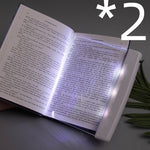 d896950c8a3b4a5c209754ede842b600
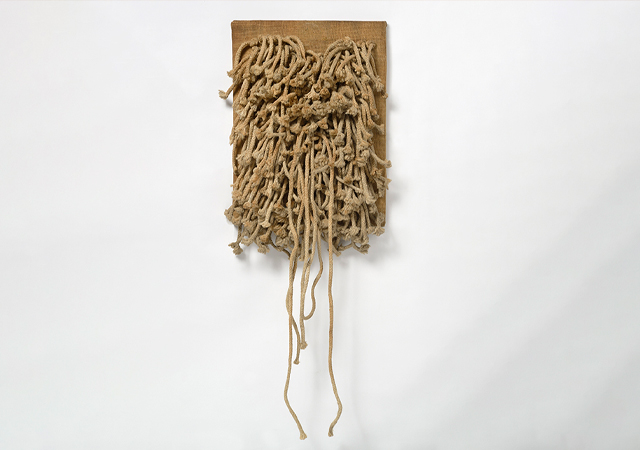 artnews1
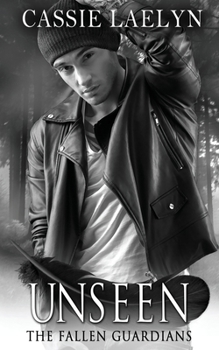 Paperback Unseen Book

• [TASK]
Nothing but the pictures may be dropped; restate the material word for word.

• [SOLUTION FOR THIS TASK]
 d896950c8a3b4a5c209754ede842b600
 artnews1
 Paperback Unseen Book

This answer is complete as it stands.